No, what I meant was a different kind of drive.

I took the little road from Malham across the tops to Arncliffe. Initially tortuous as you climb from the village, the road settles to a smooth narrow ribbon snaking through a fine, scenic wilderness, one where roadside parking is prohibited. The narrow upland routes, and the little passes of the Yorkshire Dales provide some of the finest driving you can imagine – single track roads threading across spectacular dun coloured tops, bristling with limestone outcrops bright white in the sun. It’s almost a lost concept, the pleasure of a drive, I mean as our roads clog up and everything becomes urbanised as the built world squeezes out the green, and that brown haze spreads to overhang and poison more and more of everything.

Imagine if you can, simply enjoying the feel of a vehicle in motion, the white noise of tyres over rough tarmac, snicking up and down the gears to catch her on the hairpins, the sweet vibrato note of the exhaust echoing from drystone walls, then the sudden cut to silence as you rattle over the cattle grid and emerge into an open wilderness. And there’s the scent of it – clean air, hills, grasslands, rocks, running water.

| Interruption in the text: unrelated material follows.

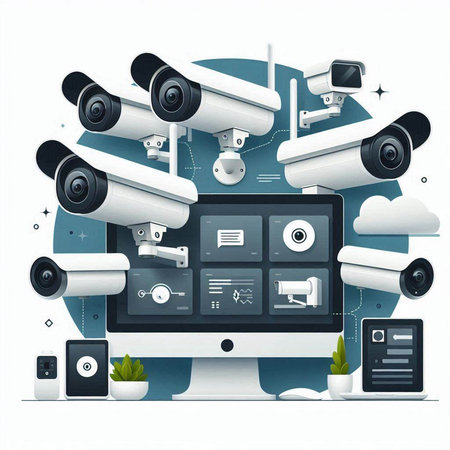 CCTV security camera and computer monitor on white background. Vector illustrationのイラスト素材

It is a poetic experience, and you can still find it here.

The little blue car is an old MX5, with 85k on the clock, a cheap roadster, picked up second or third hand. We’re embarking on our fourth season together now, seasons of ease and smiles. The little road made me smile, the purr of the car as it took the hills made me smile, her tenacious grip on the bends made me smile, the sunlight glinting off Malham tarn made me smile, the deep, sublime cut of Yew Cogar Scar near Arncliffe made me smile. There was a lightness to my being as I drove, having quite forgotten I’d set out that morning with the intention of walking, and had failed.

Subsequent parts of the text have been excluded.